This is why you see so little change in Specter’s voting record to date despite the party switch; lacking a credible Democratic primary opponent, and with strong support among Democratic voters, he’s not very worried about opposition from the Left.  (The favorable/unfavorable split among Democratic voters toward Specter is 77-8!) It’s the moderate voters he’s worried about, particularly if his opponent is Ridge.  Among independents, Specter’s favorability ratio is 51-35 – but Ridge’s is 62-17 (18% undecided). And independents are evenly split, 44-44, regarding whether Specter deserves to be reelected in 2010.  Hence my prediction that Specter would remain firmly entrenched as a swing vote in the Senate.

If I’m Ridge (and Republicans more generally), the following is the part of the Quinnipiac poll that I would find most encouraging:  only 41% of those surveyed thought that a Democratically-controlled filibuster-proof Senate was a good thing – 49% said it was a bad thing (with 11% undecided). And by a margin of 52-44, Pennsylvanians agree with the following statement: “Some people say that losing a Republican in the Senate is dangerous because President Obama and the Democrats will now be able to steamroll over the Republicans. Do you agree or disagree?”  That, in my view, is the issue on which Republicans can win back this Senate seat: the “Specter” of a Democratic supermajority in the U.S. Senate.  Pennsylvanians – and Americans more generally – are uneasy when power is concentrated in a single party. And that’s why Specter’s switch might not be all that beneficial to Democrats – if his party label changes, but his voting patterns do not, then it provides Pennsylvanian voters concerned about a concentration of power with a pretext to elect a “true” Republican Senator in 2010 to limit Democratic power at the national level. From this perspective, Democrats would have been better off if Specter remained a Republican.  The problem, of course, is that Specter likely would not have won as a Republican.

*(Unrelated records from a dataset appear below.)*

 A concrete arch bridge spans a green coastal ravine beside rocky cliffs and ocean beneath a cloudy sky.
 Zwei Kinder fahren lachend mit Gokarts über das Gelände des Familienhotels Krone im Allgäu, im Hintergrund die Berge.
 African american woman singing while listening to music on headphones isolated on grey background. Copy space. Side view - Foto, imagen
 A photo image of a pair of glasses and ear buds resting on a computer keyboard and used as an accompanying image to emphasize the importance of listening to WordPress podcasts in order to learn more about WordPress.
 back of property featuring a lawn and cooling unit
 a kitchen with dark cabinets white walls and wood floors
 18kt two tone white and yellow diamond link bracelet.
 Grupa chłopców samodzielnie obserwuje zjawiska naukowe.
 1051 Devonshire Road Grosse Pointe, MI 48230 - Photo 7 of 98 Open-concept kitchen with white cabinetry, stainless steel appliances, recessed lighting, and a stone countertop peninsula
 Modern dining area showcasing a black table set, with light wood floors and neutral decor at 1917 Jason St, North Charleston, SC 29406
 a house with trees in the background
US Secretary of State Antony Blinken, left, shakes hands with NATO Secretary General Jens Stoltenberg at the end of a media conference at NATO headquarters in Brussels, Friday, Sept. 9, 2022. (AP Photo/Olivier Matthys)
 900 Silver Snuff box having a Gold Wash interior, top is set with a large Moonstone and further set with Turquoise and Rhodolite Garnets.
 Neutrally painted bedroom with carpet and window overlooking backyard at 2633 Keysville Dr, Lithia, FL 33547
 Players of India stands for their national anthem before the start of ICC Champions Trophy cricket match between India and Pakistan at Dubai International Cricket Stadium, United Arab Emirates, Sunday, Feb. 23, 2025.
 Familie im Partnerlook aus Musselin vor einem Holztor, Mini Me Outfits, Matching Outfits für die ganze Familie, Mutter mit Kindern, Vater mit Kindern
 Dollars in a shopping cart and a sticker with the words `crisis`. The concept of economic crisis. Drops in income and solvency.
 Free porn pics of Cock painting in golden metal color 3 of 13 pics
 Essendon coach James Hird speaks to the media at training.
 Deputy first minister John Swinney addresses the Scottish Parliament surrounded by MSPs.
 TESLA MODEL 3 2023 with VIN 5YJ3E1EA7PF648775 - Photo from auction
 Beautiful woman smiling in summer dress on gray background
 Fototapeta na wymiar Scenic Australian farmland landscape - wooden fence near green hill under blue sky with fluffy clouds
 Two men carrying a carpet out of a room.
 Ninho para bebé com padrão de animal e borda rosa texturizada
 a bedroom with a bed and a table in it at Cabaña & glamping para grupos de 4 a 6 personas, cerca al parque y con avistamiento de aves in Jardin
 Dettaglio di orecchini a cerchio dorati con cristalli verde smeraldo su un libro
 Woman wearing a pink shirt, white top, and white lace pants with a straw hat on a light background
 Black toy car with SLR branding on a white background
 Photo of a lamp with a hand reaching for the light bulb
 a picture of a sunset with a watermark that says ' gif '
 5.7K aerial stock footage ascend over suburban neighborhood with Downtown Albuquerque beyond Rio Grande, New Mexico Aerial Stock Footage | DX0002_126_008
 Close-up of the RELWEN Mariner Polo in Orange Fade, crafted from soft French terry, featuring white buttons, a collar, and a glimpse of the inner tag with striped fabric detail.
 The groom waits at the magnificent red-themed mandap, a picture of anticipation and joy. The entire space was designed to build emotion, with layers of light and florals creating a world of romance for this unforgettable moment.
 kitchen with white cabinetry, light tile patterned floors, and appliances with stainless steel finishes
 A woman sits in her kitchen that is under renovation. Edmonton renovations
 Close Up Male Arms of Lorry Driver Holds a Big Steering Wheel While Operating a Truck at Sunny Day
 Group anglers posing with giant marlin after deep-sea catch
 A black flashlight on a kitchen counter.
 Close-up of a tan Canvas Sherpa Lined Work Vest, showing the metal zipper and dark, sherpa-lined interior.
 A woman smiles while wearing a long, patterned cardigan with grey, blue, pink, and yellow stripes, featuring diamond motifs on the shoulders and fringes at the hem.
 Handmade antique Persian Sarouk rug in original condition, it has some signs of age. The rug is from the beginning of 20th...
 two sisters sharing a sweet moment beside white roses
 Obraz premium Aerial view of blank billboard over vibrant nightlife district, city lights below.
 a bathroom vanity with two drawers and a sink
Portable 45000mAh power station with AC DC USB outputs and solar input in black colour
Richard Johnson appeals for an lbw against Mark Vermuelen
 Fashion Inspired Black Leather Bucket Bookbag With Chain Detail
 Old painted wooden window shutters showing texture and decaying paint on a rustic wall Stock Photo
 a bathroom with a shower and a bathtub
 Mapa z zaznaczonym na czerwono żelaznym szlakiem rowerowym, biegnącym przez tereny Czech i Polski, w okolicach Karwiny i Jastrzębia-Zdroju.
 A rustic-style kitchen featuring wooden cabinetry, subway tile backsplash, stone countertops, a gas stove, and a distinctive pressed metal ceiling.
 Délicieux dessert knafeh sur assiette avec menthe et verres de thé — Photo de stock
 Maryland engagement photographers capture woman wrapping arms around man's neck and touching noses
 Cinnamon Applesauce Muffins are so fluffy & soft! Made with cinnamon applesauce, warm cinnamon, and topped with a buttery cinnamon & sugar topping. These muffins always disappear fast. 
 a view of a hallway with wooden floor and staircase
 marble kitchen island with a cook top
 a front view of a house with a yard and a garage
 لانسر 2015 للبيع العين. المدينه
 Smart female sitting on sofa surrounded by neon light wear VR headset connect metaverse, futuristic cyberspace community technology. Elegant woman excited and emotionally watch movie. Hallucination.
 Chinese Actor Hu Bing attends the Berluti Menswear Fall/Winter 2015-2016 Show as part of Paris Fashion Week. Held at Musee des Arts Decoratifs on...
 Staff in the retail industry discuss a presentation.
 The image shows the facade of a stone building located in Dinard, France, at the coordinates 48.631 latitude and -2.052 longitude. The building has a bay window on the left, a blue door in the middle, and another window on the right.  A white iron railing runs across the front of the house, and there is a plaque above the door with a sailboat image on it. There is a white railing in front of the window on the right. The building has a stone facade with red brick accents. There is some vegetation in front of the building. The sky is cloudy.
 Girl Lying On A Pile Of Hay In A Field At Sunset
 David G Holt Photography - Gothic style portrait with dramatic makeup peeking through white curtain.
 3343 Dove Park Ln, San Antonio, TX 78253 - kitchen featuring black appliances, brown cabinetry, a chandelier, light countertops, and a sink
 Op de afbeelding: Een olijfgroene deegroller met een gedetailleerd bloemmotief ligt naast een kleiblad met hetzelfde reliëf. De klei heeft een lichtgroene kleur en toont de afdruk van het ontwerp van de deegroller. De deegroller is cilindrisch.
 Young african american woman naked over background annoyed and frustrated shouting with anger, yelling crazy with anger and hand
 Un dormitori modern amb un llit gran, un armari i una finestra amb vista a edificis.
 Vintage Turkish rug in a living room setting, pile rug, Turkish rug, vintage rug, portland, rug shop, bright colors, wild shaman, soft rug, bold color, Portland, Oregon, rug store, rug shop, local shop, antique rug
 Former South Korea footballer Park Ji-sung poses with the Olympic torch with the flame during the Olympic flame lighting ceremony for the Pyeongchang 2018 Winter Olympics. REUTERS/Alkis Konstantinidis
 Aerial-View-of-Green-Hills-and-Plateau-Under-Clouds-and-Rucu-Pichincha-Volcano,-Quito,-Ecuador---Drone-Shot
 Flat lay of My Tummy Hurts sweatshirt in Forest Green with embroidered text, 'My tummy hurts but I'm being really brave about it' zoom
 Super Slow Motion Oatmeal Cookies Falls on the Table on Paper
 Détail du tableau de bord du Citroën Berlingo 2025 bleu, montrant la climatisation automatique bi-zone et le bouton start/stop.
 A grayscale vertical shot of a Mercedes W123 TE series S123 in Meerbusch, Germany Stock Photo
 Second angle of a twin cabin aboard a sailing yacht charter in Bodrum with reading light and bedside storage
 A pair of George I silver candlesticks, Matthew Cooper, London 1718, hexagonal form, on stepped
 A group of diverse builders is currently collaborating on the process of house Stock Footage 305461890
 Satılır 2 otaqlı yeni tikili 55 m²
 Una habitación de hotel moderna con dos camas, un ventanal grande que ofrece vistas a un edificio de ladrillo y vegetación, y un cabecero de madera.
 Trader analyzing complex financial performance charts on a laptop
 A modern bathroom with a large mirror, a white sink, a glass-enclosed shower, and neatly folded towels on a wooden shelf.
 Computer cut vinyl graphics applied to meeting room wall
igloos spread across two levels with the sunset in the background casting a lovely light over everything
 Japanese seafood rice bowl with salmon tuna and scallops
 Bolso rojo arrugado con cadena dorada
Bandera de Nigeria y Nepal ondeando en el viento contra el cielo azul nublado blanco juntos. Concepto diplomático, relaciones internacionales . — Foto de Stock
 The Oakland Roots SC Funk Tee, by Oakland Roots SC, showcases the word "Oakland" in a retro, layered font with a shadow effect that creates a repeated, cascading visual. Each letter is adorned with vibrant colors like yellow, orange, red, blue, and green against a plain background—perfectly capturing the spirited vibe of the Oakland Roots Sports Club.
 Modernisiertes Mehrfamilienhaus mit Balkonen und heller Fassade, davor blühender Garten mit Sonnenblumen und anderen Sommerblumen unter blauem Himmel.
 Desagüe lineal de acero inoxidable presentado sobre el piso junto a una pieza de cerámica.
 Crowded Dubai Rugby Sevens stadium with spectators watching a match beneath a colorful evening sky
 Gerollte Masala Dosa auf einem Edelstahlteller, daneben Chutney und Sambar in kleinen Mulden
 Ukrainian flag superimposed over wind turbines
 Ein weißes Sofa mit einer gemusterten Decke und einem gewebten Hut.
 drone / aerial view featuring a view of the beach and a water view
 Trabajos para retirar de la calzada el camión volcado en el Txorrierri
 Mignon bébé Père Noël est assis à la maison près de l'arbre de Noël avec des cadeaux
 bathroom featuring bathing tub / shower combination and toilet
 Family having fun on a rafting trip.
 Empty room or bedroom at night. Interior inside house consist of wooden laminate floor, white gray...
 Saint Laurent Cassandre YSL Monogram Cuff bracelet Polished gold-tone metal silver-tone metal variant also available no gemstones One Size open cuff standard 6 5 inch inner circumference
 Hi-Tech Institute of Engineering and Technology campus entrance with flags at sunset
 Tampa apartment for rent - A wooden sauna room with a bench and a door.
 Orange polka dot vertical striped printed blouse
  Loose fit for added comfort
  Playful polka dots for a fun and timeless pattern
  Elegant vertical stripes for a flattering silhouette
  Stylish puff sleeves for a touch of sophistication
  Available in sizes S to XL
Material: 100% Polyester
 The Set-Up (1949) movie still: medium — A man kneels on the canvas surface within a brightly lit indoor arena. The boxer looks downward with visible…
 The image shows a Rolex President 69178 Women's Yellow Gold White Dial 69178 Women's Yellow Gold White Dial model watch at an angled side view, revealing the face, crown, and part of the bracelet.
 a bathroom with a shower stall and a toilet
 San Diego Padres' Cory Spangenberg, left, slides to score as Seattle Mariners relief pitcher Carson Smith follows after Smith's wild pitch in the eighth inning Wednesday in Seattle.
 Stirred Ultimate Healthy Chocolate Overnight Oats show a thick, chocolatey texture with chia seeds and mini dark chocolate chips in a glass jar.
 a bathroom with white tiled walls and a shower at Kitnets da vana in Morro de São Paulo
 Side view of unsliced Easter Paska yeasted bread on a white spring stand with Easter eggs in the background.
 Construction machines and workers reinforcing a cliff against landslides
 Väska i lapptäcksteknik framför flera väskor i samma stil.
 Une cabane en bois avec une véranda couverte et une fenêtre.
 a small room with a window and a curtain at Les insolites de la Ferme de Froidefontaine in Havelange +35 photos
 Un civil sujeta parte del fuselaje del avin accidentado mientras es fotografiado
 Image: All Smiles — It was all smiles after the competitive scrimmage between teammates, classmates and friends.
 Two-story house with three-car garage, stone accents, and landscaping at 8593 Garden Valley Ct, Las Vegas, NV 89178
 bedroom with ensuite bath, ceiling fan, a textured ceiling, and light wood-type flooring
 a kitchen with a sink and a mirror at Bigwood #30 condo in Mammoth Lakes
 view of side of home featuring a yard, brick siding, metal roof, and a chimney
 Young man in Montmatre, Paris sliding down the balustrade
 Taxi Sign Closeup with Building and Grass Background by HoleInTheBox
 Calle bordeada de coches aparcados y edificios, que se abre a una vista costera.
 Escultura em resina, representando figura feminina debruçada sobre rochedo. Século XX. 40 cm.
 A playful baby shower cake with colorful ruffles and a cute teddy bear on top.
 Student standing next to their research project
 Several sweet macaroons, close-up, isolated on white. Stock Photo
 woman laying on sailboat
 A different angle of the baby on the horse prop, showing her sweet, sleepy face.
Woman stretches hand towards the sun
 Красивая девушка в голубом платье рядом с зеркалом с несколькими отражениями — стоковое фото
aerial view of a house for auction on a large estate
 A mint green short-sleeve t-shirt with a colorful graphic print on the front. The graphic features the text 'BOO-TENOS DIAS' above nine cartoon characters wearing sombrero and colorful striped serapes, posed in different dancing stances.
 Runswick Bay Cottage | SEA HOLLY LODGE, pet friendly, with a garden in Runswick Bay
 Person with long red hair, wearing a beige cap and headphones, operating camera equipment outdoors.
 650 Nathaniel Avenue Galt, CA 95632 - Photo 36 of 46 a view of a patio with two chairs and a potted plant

Note that this is one poll, and the election is more than a year away. Ridge has not, to my knowledge, even expressed any interest in running.  More importantly, it did not ask voters about a Ridge-Toomey Republican matchup – it’s not immediately clear to me that Ridge can make it out of the Republican primary if he’s matched up with Toomey.  Nonetheless, the data provides support for my contention that Specter is more worried about his right flank than his left.  And it provides a glimmer of support for those predicting a Republican comeback in the 2010 midterms.

Say it ain’t so, Dr. Joe! (And More Specter fallout)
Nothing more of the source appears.